BEGIN SUPPLIED RECORDS

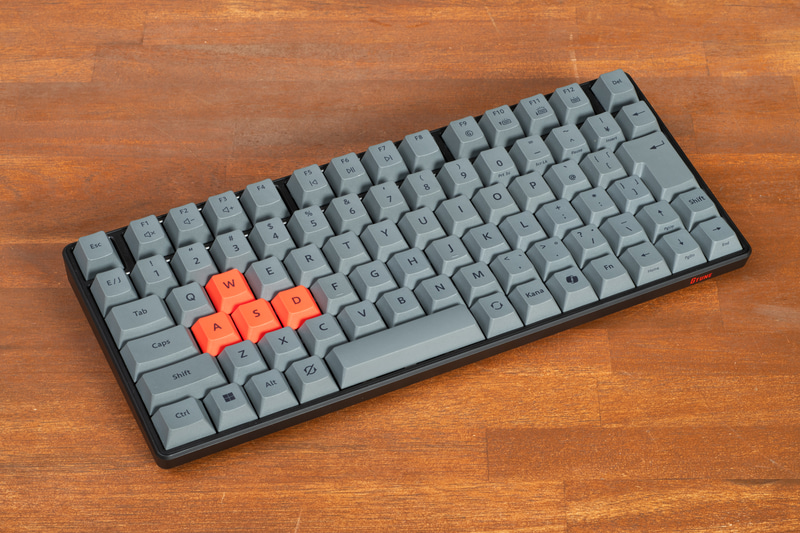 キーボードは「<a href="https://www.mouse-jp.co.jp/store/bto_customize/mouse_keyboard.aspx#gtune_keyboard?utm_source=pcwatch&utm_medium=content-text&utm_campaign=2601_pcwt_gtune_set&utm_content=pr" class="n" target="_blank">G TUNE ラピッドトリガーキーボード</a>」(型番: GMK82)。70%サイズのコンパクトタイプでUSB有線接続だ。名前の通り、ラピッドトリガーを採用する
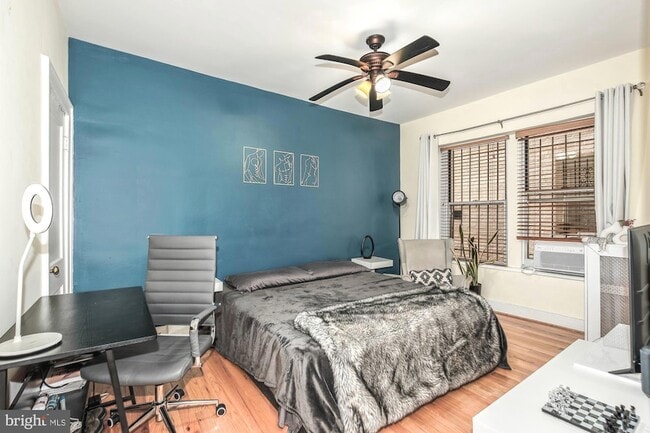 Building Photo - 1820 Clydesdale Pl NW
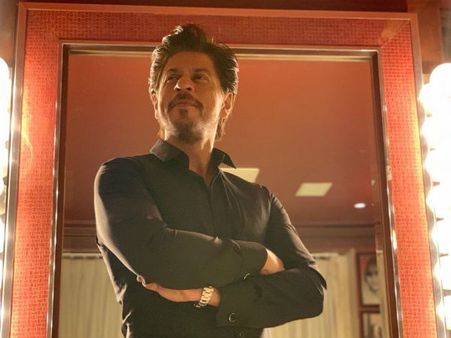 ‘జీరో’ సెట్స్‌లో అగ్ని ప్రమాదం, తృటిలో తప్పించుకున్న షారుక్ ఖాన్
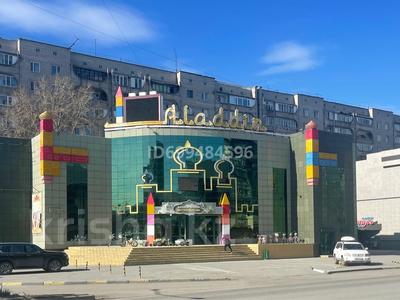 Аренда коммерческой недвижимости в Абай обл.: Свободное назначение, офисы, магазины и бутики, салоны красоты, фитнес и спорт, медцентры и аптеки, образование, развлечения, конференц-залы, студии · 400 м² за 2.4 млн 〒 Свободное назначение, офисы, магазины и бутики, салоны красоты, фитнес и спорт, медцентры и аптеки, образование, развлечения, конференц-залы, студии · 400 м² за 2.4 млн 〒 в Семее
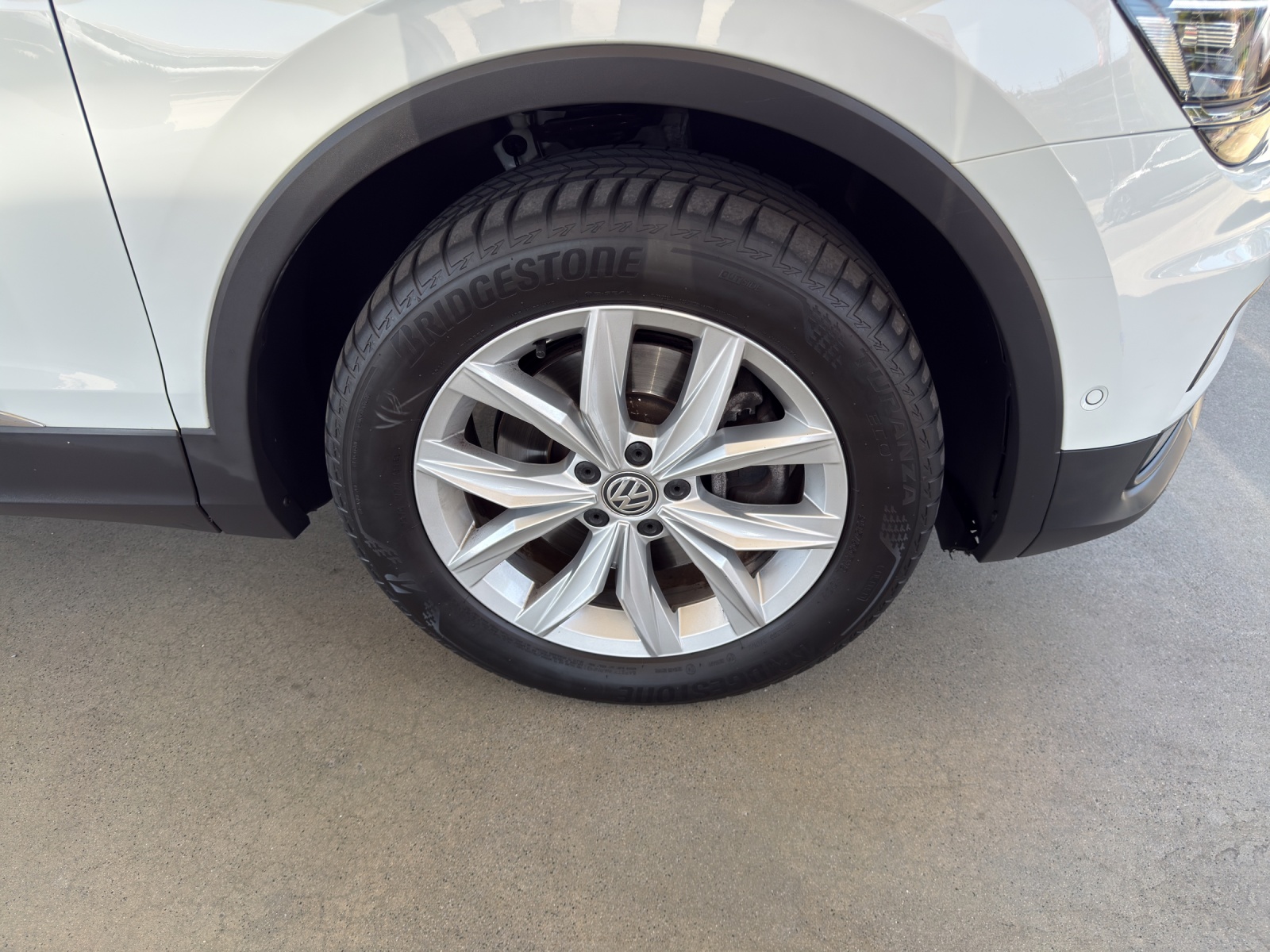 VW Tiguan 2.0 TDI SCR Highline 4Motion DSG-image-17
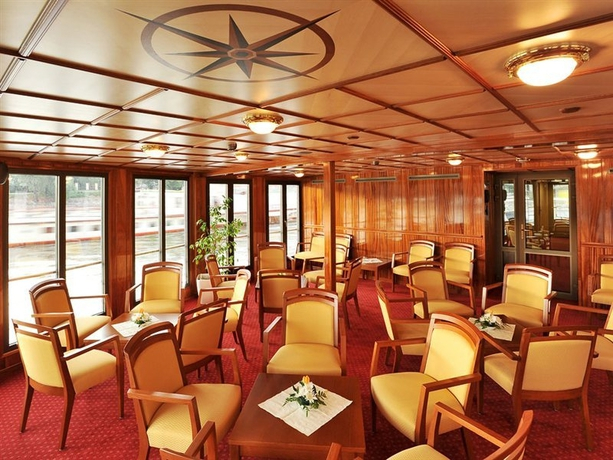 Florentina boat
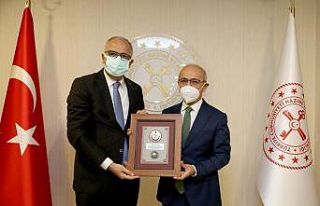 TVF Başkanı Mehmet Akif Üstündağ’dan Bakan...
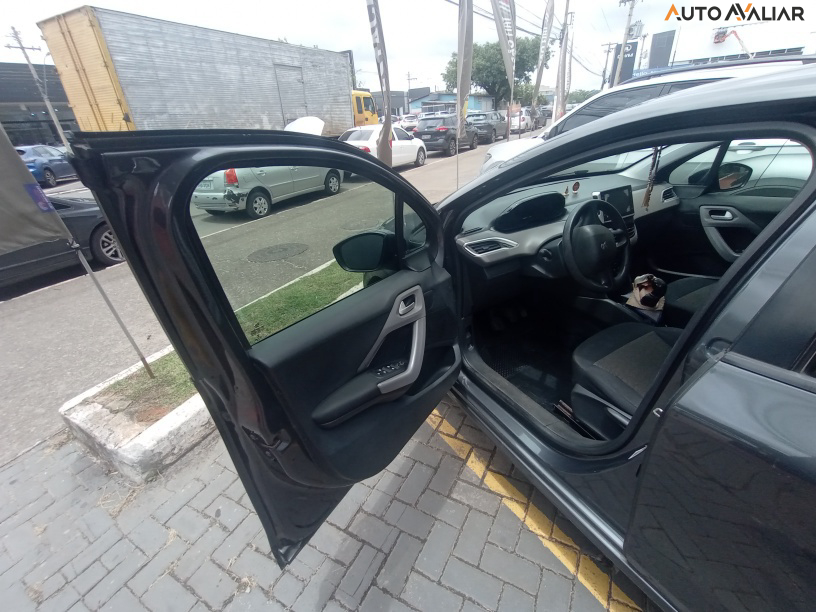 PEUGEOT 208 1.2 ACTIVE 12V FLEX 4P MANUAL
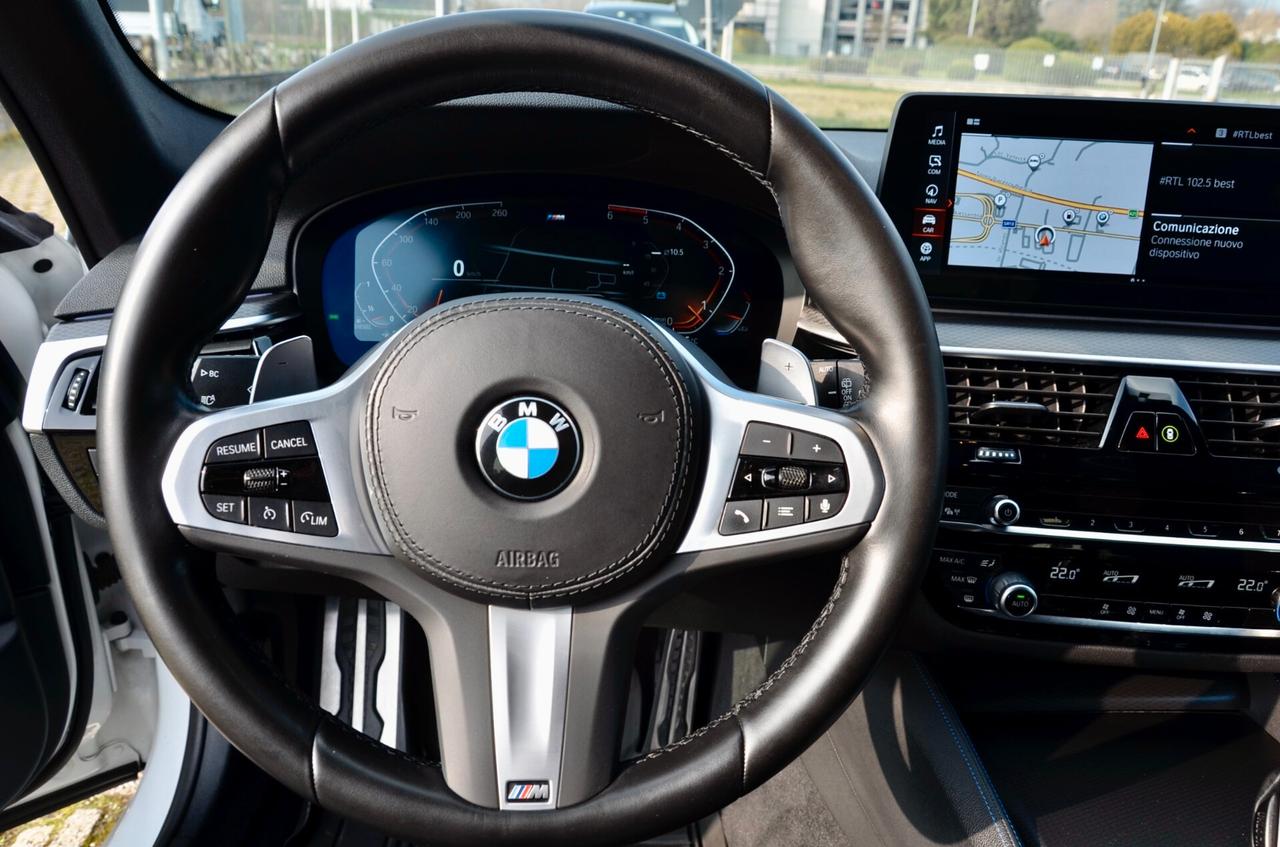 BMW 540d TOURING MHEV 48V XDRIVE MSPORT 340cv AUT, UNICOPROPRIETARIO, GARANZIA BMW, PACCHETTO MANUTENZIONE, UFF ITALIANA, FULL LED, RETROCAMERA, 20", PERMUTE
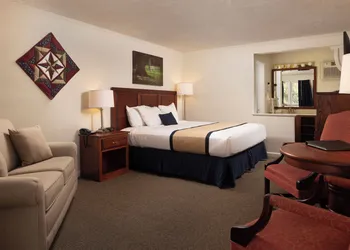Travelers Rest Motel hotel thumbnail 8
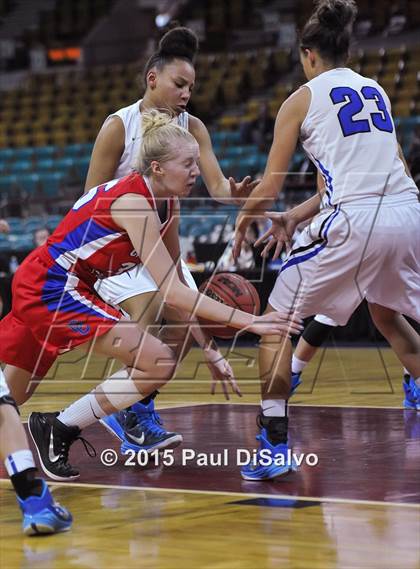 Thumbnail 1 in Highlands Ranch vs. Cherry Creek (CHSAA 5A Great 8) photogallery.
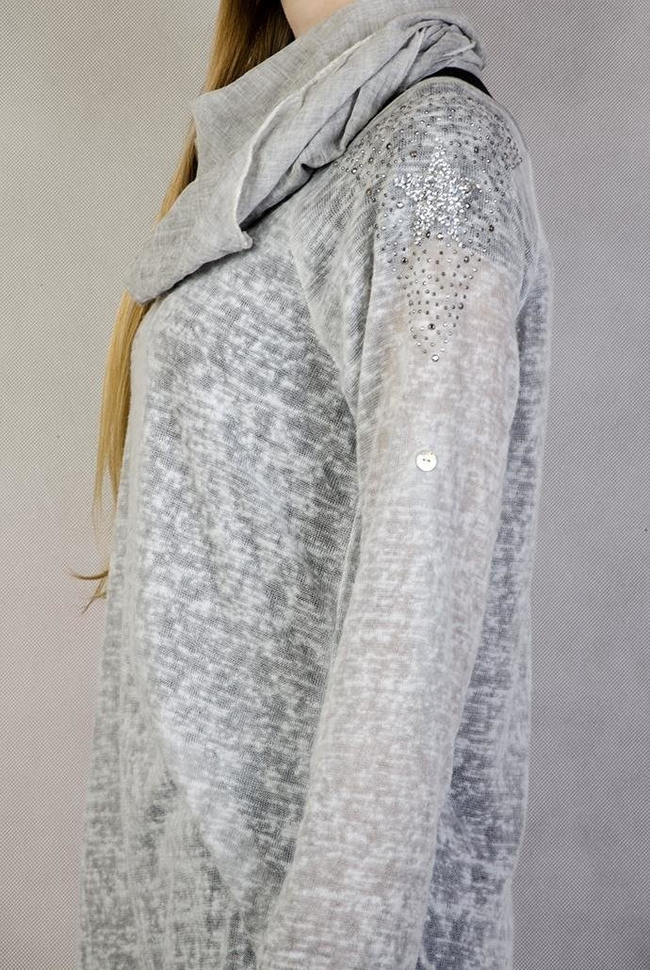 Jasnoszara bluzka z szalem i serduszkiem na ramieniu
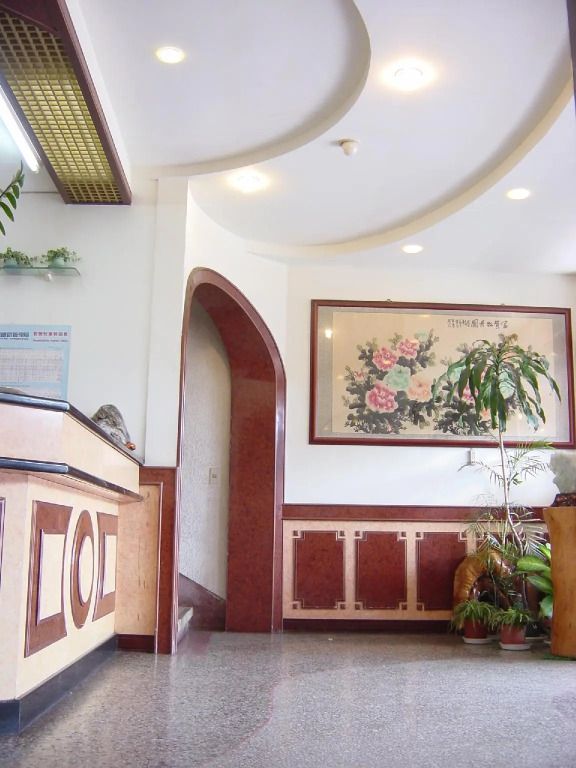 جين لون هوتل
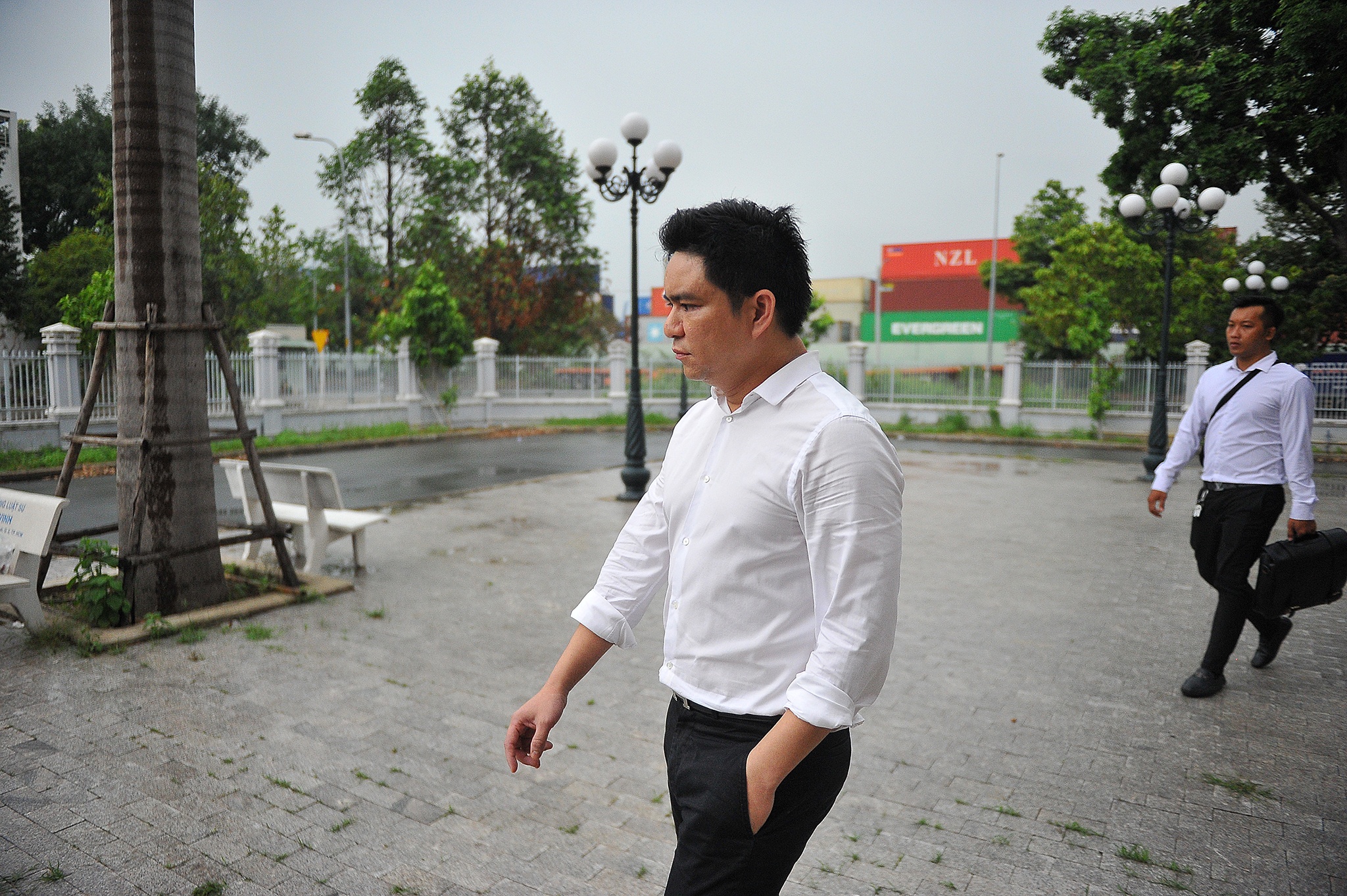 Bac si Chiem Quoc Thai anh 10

END SUPPLIED RECORDS

> [PROBLEM]: Omit the pictures. Print, word for word, the lines from the beginning of the entries above through the line that holds "తప్పించుకున్న షారుక్ ఖాన్".

> [FINAL ANSWER]:
 キーボードは「<a href="https://www.mouse-jp.co.jp/store/bto_customize/mouse_keyboard.aspx#gtune_keyboard?utm_source=pcwatch&utm_medium=content-text&utm_campaign=2601_pcwt_gtune_set&utm_content=pr" class="n" target="_blank">G TUNE ラピッドトリガーキーボード</a>」(型番: GMK82)。70%サイズのコンパクトタイプでUSB有線接続だ。名前の通り、ラピッドトリガーを採用する
 Building Photo - 1820 Clydesdale Pl NW
 ‘జీరో’ సెట్స్‌లో అగ్ని ప్రమాదం, తృటిలో తప్పించుకున్న షారుక్ ఖాన్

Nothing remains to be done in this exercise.